| The problem |
Leave the pictures out. Return all other data exactly.

(Beginning of Exercise data)

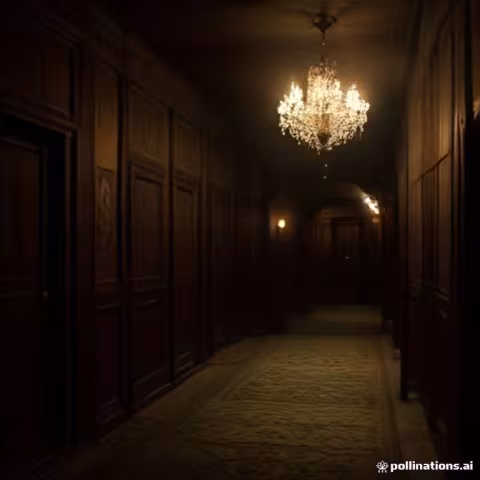 Příběh: Hotel Ambassador
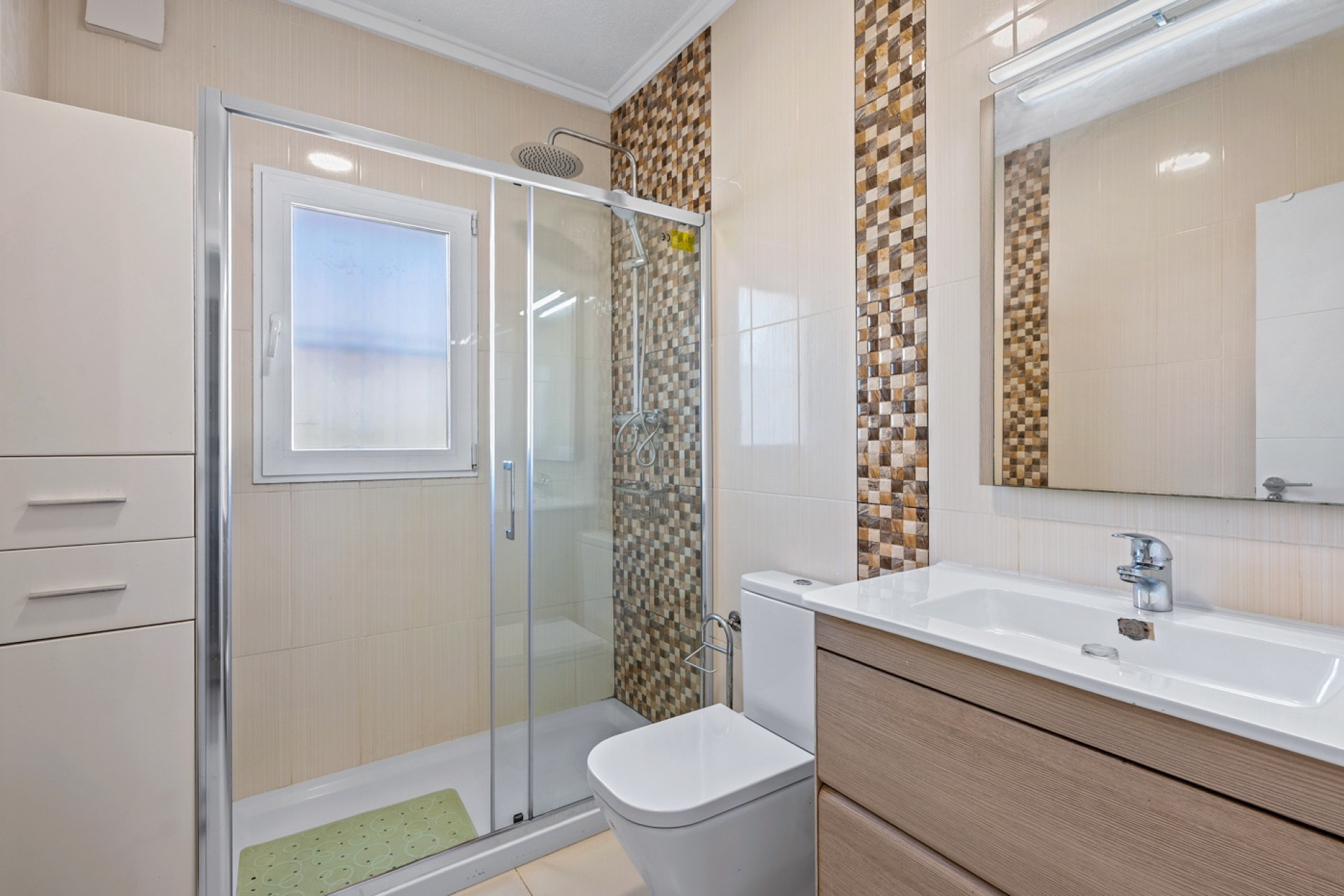 Revente - Villa - Ciudad Quesada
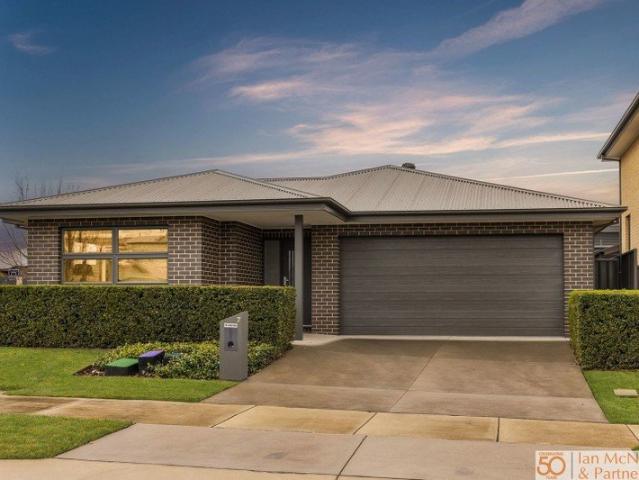 House for sale in Googong, New South Wales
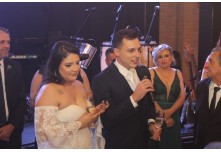 Casamento Samantha e Wellington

(End of Exercise data)

| Task answer |
 Příběh: Hotel Ambassador
 Revente - Villa - Ciudad Quesada
 House for sale in Googong, New South Wales
 Casamento Samantha e Wellington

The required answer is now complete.